### Work instructions
Give the count of lines in the records below that contain "logo", with no other words.

### The input

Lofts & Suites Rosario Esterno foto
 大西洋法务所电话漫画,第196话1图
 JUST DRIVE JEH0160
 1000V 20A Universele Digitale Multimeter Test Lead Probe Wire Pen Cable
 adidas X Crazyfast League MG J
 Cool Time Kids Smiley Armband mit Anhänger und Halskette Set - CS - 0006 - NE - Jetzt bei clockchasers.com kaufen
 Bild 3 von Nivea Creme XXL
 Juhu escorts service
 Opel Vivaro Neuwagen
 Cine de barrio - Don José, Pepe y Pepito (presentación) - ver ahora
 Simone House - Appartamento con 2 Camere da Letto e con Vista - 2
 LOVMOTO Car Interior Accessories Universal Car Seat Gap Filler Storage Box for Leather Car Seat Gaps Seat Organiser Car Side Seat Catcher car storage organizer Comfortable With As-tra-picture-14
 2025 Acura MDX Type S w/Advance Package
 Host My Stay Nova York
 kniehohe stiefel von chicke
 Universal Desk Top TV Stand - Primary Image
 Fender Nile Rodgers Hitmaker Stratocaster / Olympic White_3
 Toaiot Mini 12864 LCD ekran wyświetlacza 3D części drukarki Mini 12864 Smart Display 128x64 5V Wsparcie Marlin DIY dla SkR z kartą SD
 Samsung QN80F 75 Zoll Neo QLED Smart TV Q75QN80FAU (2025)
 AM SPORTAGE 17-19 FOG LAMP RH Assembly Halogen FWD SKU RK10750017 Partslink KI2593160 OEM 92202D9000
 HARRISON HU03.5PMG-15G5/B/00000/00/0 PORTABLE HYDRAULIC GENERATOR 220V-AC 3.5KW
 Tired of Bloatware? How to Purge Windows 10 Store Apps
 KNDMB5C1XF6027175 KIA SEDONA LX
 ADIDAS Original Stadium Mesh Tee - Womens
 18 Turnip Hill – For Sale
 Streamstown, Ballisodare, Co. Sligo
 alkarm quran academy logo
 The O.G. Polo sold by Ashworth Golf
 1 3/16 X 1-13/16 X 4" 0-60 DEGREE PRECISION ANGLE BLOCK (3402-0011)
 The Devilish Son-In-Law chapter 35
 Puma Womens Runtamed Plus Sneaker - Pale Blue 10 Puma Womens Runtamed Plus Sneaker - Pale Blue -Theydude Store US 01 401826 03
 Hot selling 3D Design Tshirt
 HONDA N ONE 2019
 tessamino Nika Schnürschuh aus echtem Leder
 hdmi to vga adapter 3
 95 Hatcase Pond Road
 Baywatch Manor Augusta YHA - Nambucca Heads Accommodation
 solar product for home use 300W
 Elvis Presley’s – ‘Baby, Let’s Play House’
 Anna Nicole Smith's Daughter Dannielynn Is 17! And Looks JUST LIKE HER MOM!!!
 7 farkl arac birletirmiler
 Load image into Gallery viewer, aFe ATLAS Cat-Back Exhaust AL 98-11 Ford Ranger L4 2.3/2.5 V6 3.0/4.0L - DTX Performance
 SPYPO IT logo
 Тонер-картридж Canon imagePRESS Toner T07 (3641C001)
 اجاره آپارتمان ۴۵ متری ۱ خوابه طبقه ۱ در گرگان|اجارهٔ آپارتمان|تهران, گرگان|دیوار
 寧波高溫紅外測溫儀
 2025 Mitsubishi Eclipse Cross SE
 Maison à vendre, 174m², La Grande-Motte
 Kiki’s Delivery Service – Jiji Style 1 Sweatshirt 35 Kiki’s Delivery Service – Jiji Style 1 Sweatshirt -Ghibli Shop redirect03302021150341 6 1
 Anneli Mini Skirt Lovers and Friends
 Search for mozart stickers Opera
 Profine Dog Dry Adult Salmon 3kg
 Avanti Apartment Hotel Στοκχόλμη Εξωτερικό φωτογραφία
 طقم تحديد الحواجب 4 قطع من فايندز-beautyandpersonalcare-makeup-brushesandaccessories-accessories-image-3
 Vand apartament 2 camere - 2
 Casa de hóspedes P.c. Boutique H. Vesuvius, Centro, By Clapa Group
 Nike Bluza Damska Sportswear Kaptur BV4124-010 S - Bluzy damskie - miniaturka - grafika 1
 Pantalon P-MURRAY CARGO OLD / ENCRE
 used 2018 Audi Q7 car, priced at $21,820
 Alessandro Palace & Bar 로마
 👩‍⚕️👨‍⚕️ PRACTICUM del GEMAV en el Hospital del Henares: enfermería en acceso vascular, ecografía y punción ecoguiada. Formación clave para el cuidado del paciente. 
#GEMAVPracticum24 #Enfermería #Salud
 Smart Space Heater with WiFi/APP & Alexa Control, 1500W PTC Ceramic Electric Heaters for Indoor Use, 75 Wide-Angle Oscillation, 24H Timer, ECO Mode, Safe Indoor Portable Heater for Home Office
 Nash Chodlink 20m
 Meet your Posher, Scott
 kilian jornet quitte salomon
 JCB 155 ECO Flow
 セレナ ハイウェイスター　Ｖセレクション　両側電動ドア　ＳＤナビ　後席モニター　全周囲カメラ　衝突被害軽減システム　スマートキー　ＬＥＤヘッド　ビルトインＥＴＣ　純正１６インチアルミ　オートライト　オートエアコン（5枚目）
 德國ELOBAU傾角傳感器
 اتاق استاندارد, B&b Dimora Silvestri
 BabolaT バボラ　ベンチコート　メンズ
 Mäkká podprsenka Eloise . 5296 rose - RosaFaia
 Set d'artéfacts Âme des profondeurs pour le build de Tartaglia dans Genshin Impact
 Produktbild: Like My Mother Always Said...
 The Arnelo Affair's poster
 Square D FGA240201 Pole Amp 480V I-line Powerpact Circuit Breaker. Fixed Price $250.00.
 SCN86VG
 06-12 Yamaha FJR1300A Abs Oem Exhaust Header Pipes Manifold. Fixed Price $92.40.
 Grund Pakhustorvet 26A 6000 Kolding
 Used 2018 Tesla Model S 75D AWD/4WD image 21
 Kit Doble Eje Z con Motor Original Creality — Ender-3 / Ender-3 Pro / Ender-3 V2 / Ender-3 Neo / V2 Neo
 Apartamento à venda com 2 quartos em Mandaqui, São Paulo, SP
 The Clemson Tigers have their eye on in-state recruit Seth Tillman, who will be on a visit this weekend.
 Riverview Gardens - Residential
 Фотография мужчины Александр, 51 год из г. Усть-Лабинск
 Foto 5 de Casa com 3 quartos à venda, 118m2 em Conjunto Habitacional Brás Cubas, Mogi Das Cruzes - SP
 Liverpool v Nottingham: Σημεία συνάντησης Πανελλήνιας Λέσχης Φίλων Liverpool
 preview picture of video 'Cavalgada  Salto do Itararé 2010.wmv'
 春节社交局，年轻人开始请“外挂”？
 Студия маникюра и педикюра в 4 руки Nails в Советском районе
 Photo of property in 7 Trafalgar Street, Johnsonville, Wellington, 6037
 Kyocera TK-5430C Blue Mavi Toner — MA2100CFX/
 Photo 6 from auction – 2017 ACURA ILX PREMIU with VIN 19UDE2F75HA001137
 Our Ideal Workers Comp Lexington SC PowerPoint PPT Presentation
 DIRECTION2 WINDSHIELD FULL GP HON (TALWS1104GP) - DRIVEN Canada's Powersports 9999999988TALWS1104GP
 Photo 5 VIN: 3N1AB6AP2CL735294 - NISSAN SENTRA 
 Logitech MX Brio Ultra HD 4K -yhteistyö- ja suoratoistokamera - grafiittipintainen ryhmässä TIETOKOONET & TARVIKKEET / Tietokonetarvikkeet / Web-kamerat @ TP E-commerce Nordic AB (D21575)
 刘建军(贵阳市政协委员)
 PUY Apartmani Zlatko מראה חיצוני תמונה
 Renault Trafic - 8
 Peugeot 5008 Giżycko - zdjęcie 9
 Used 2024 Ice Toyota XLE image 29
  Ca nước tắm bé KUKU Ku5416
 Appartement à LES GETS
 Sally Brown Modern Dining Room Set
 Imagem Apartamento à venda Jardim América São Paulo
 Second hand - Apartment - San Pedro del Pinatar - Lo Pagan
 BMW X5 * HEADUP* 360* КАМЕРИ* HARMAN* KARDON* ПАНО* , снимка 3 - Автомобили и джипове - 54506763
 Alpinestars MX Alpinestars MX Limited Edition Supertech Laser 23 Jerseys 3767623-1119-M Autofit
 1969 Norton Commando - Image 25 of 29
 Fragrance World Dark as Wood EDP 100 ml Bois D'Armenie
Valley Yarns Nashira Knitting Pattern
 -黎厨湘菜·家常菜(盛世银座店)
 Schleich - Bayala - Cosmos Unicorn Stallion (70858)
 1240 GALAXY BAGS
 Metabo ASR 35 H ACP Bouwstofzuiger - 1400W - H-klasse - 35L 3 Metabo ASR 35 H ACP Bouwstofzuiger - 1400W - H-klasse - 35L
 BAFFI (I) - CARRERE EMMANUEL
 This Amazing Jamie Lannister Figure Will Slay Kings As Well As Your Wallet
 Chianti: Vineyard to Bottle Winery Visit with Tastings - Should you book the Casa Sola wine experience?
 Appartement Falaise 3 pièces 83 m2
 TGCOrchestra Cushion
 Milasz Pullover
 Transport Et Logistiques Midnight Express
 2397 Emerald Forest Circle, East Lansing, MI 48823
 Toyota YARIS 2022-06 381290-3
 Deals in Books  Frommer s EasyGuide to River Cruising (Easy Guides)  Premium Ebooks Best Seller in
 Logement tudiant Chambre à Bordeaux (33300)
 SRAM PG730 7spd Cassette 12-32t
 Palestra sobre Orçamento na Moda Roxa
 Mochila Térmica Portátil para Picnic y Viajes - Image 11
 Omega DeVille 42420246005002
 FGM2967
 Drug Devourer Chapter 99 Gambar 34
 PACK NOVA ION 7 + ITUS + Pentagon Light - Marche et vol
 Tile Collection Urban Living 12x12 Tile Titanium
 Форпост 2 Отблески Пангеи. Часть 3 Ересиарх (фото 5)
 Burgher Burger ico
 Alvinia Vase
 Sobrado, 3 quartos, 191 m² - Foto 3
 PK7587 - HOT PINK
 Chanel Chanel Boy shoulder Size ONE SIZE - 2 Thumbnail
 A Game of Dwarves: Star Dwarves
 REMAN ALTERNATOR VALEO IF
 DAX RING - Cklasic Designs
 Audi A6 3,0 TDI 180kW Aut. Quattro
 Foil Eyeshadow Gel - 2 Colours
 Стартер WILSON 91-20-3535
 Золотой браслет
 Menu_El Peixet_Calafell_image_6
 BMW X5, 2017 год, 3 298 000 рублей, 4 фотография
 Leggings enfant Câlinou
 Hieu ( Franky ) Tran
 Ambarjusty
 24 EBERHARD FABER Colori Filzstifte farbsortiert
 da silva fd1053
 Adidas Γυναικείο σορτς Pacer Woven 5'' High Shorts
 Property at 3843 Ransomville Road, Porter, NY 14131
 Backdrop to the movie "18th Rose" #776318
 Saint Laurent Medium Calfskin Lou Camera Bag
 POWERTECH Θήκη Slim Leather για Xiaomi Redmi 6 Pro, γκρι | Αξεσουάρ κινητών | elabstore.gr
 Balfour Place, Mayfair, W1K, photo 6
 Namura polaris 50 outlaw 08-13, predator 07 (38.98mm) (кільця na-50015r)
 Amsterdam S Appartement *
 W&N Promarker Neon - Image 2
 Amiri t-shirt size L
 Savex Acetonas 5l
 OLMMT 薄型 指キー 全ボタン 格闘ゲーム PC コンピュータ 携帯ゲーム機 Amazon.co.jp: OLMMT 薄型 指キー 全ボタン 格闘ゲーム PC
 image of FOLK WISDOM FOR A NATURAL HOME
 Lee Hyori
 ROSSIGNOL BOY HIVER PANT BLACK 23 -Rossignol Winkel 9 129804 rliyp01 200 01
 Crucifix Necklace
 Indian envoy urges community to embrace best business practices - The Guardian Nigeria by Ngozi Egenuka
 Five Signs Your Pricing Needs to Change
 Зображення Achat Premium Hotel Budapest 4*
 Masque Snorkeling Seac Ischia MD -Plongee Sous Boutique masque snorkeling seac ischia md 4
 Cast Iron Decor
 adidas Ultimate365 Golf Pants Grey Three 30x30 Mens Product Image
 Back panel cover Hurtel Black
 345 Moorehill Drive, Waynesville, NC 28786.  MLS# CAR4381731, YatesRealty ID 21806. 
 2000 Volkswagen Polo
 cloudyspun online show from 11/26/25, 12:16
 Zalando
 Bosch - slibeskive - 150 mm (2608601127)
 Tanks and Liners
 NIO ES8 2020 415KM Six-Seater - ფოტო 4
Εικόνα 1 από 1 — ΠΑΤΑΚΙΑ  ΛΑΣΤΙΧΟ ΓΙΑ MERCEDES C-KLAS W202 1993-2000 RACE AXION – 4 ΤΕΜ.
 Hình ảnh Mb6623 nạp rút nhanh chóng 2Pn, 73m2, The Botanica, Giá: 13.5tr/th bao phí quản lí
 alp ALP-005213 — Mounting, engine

### Task answer
2